*EXERCISE DIRECTIONS*. Leaving out the pictures, transcribe all of the records faithfully.

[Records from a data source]
_ _ _ _

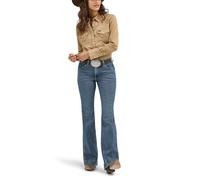 Wrangler - Camicia da Lavoro da Donna Stile Western a Maniche Lunghe - Marrone - XX-Large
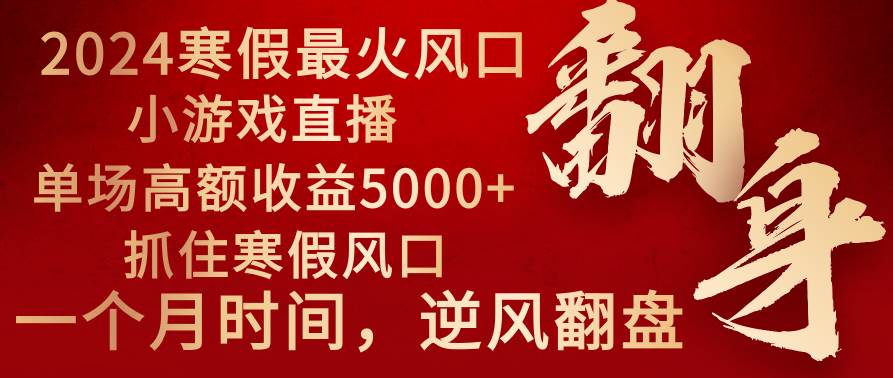 2024年最火寒假风口项目 小游戏直播 单场收益5000+抓住风口 一个月直接提车赚米吧-网创项目资源站-副业项目-创业项目-搞钱项目赚米吧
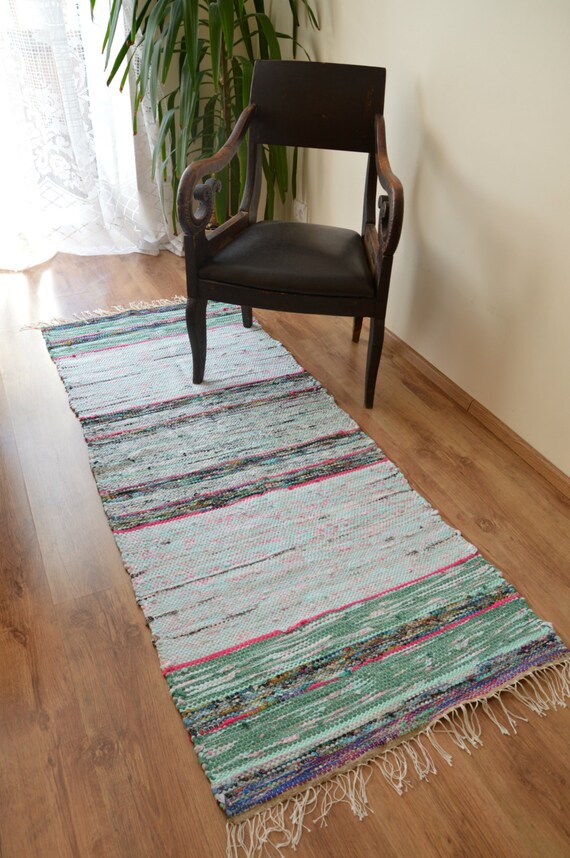 Handmade Floor Runner Rag Rug MultiColored Reused Fabric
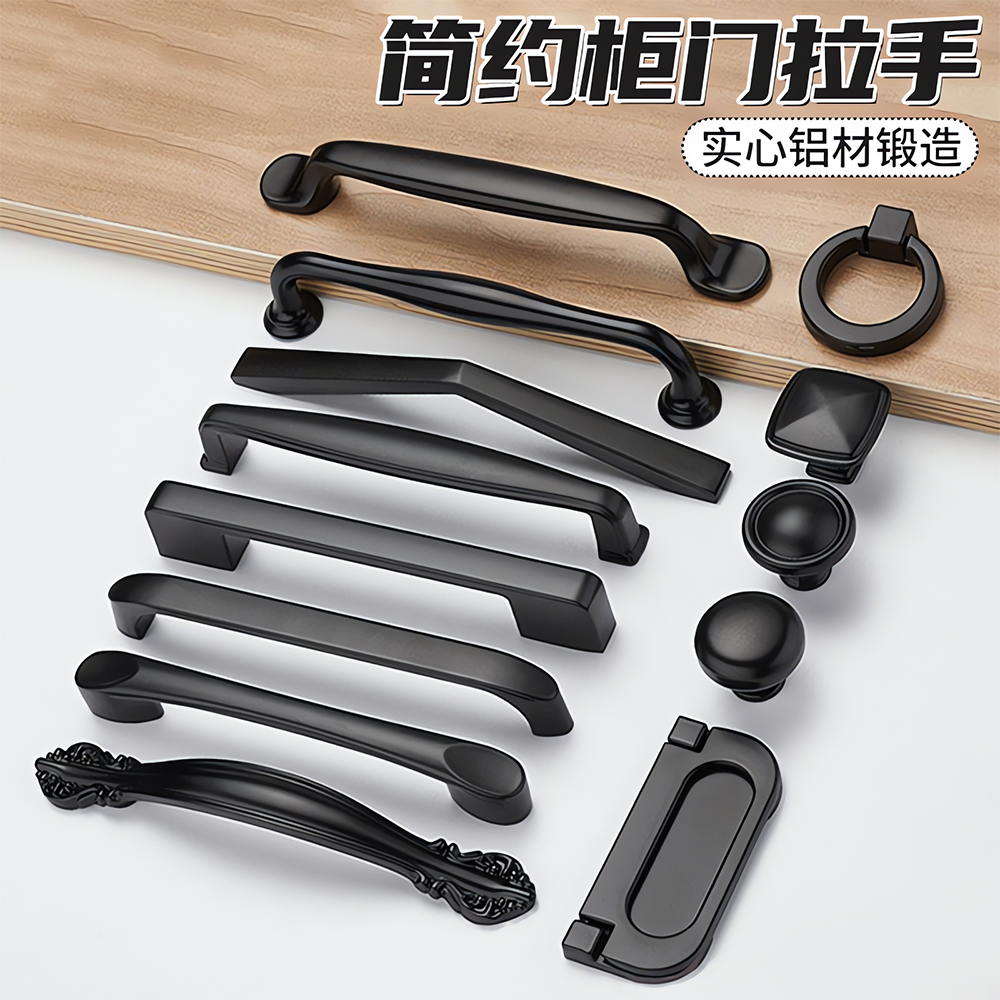 【德国进口】高档黑色柜门拉手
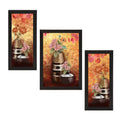 Set of 3 Botanical and Floral Satin Matt Textured UV Art Painting Kafalo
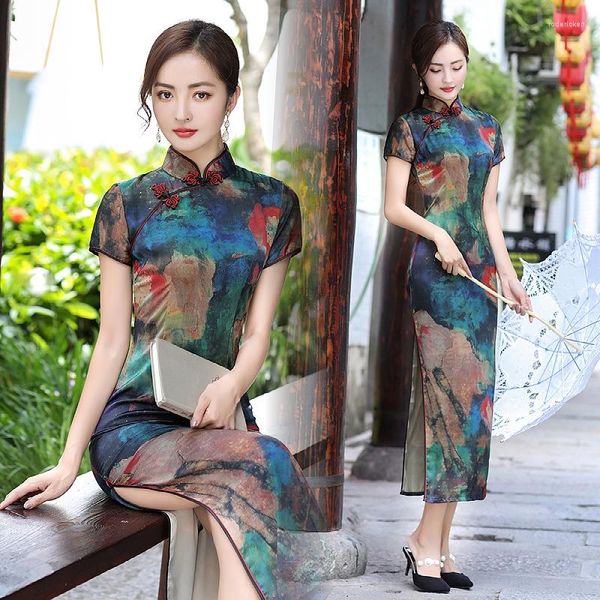 Abbigliamento etnico Summer Long Cheongsam Qipao Silk Fashion Daily Women Dress Slim Party Costume Abiti vintage Stampa paesaggistica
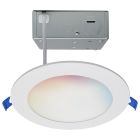 SATCO S11562 12WLED/DW/6/RGBTW/RND/WH 12 Watt; LED Direct Wire; Low Profile Downlight; 6 Inch Round; Starfish IOT; Tunable White and RGB; 120 Volt; 90 CRI; White Finish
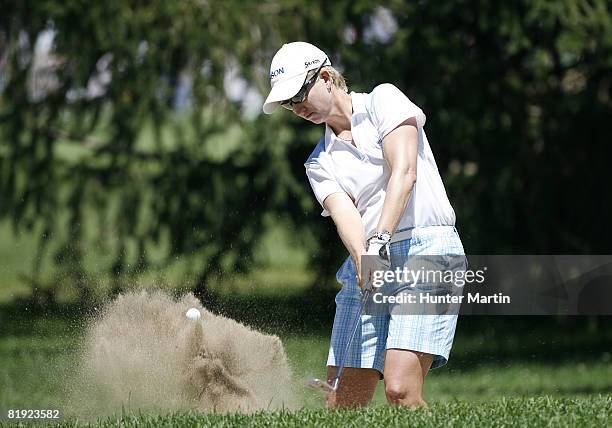 Karrie Webb of Australia hits her third shot on the 5th hole during the final round of the Jamie Farr Owens Corning Classic at Highland Meadows Golf...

_ _ _ _

*WRITTEN SOLUTION*.
 Wrangler - Camicia da Lavoro da Donna Stile Western a Maniche Lunghe - Marrone - XX-Large
 2024年最火寒假风口项目 小游戏直播 单场收益5000+抓住风口 一个月直接提车赚米吧-网创项目资源站-副业项目-创业项目-搞钱项目赚米吧
 Handmade Floor Runner Rag Rug MultiColored Reused Fabric
 【德国进口】高档黑色柜门拉手
 Set of 3 Botanical and Floral Satin Matt Textured UV Art Painting Kafalo
 Abbigliamento etnico Summer Long Cheongsam Qipao Silk Fashion Daily Women Dress Slim Party Costume Abiti vintage Stampa paesaggistica
 SATCO S11562 12WLED/DW/6/RGBTW/RND/WH 12 Watt; LED Direct Wire; Low Profile Downlight; 6 Inch Round; Starfish IOT; Tunable White and RGB; 120 Volt; 90 CRI; White Finish
 Karrie Webb of Australia hits her third shot on the 5th hole during the final round of the Jamie Farr Owens Corning Classic at Highland Meadows Golf...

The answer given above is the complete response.